Hay que reconocer que el chico (no tan chico, es un año mayor que yo pero estaba muy bien conservado) era guapísimo. Me costó un rato reconocerlo, porque llevaba el pelo más corto que en la serie, y con unos vaqueros y una camiseta azul estaba mucho más guapo que enseñando toda aquella cantidad exagerada de músculos. Cuando por fin logré identificarlo me pasé el resto de la cena dudando si acercarme a pedirle un autógrafo para los niños. Al final no me atreví, y eso que, percatándose de que éramos los únicos del comedor que cenábamos sólos, una de las veces que cogió la copa de vino para beber un sorbo me sonrió y la levantó en mi dirección en una especie de brindis.

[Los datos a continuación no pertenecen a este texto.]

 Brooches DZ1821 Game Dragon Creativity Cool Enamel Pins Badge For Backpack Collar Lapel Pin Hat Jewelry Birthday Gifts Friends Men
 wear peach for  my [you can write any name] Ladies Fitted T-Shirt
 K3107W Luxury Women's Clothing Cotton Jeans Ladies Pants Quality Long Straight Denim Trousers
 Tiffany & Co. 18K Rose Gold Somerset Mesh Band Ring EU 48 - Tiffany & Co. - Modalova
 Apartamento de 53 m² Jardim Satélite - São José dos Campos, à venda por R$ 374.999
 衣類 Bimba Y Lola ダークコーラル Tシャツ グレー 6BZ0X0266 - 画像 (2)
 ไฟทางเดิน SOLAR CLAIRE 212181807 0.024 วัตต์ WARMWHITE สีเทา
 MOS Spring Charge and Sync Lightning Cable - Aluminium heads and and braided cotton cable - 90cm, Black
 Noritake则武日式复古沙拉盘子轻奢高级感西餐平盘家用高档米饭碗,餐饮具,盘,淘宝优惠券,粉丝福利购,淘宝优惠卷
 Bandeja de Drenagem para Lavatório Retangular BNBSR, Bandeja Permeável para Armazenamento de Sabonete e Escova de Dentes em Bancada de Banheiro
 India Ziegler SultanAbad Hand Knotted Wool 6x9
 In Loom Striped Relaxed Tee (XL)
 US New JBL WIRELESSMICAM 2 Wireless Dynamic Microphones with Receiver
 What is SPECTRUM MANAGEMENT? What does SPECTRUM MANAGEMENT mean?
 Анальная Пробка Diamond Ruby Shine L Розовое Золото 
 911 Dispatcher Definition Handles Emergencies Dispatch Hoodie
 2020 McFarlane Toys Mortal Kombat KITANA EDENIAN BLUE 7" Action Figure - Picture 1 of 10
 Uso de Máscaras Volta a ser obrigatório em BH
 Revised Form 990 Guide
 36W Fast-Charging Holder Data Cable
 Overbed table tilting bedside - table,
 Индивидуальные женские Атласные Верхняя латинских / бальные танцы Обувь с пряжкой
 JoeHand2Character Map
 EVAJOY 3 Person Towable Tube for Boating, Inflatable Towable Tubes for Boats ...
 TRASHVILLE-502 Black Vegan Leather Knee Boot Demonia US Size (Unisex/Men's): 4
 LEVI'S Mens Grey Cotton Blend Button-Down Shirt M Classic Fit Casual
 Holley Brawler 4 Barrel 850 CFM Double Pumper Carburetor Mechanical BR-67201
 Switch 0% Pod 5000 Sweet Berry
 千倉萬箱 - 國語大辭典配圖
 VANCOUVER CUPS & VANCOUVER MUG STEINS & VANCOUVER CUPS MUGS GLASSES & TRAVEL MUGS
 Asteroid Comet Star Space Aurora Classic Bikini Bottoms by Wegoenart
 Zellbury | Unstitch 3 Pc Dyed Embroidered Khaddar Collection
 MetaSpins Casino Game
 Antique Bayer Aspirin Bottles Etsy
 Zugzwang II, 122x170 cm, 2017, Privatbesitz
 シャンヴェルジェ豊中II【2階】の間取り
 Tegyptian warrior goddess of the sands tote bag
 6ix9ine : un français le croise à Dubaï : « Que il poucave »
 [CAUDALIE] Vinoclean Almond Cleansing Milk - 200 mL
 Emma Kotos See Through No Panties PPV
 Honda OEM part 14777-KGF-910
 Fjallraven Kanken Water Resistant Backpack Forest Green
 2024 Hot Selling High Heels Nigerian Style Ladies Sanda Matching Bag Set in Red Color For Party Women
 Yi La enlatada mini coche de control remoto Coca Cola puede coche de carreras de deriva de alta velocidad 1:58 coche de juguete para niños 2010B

¡Qué lástima de cena! Posiblemente una de las mejores que tomé en mi vida y no consigo acordarme de nada de lo que comí. Un auténtico desperdicio.
En fin, que por una u otra cosa creo que no me olvidaré de aquella ceremonia de apertura de los Juegos Olímpicos de Atenas 2004. Pero pensando en Pekín, me temo lo peor. No dudo de que se van a gastar un pastón, pero tengo la impresión de que el aspecto general me va a recordar más bien la mezcla de aquellos festivales franquistas con los Coros y Danzas actuando en el Bernabeu con la decoración de un restaurante chino de los cutres. Espero equivocarme.